WHAT NEEDS TO BE DONE: Omitting all pictures, print the lines of the listing from the one containing "Ted Baker White" through the final line, both ends included, with no other text.

THE DATA:
-- Opening Marker --
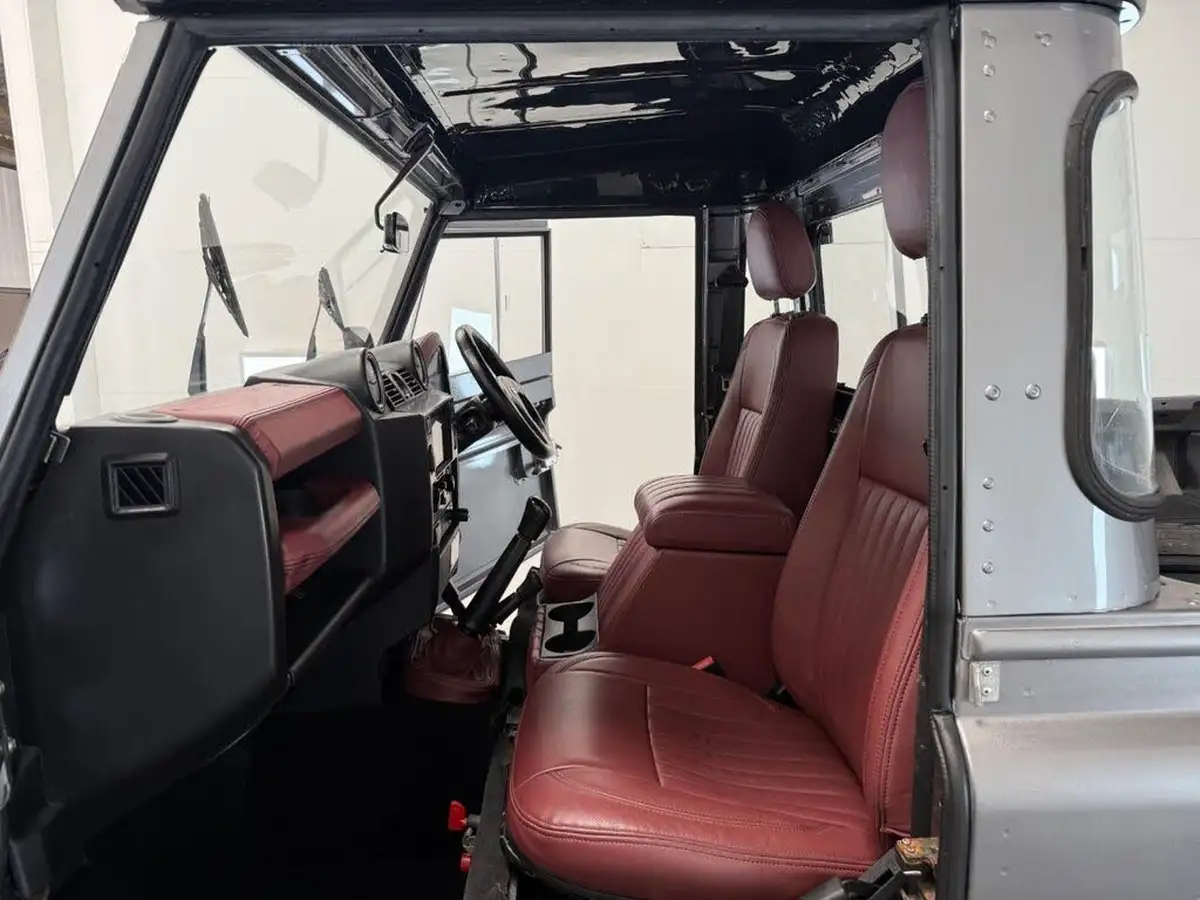 2007-land-rover-90-defender-24td-pick-up-big-18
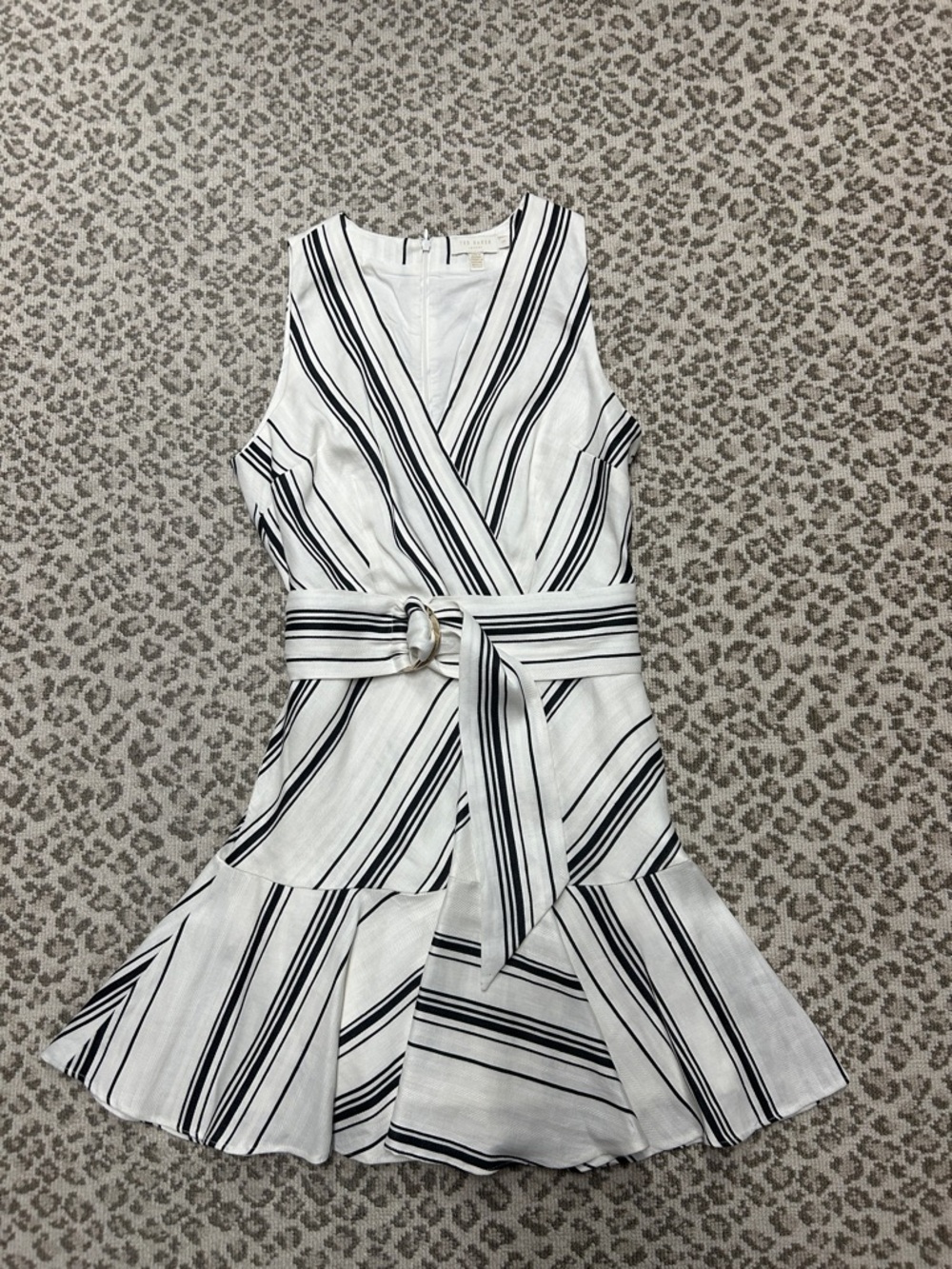 Ted Baker White & Black Striped Wrap Mini Dress sz XS (1)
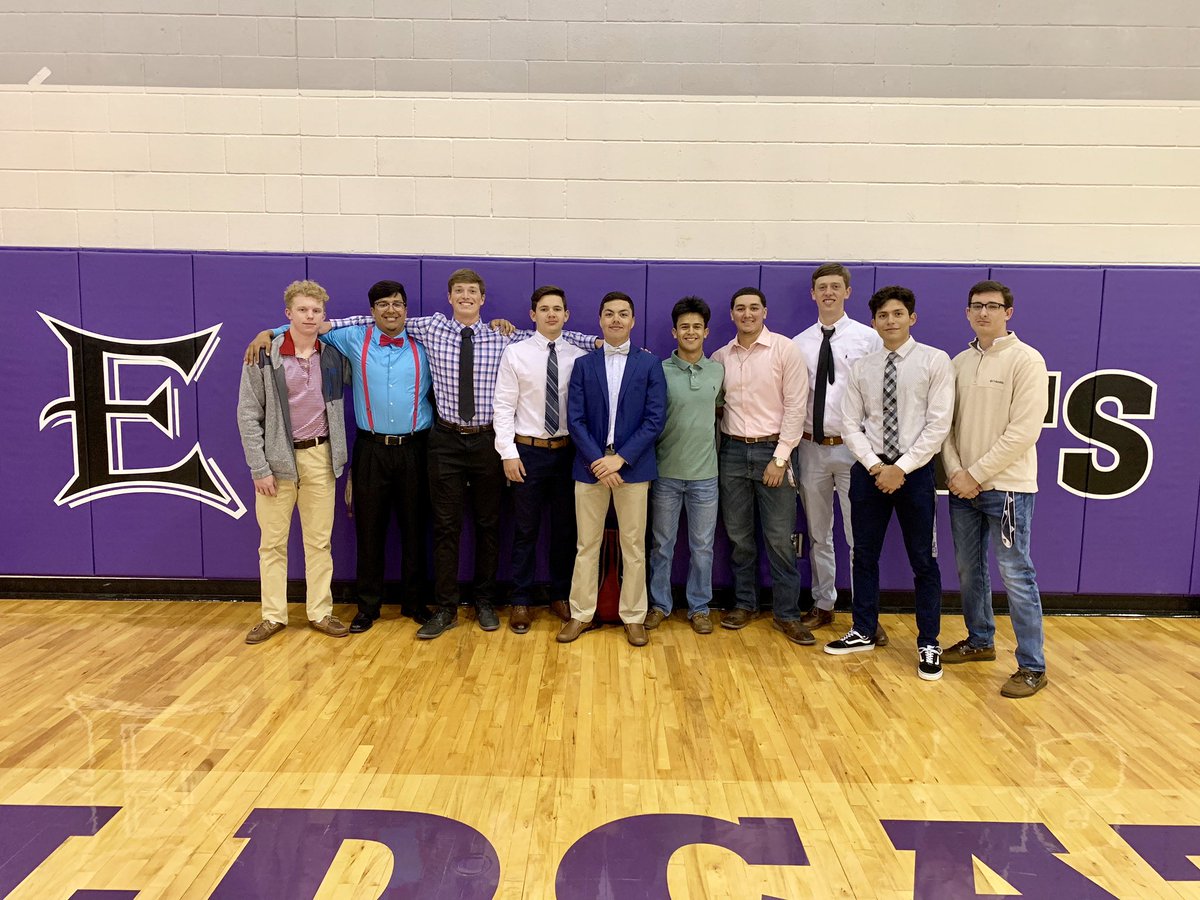 Wildcateducator's tweet photo. Great group of young men. Stay positive and keep grinding. #TxEdTuesday #morethanatest @ElginSupt https://t.co/jGJ1HvOXmv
-- Closing Marker --
SOLUTION:
 Ted Baker White & Black Striped Wrap Mini Dress sz XS (1)
 Wildcateducator's tweet photo. Great group of young men. Stay positive and keep grinding. #TxEdTuesday #morethanatest @ElginSupt https://t.co/jGJ1HvOXmv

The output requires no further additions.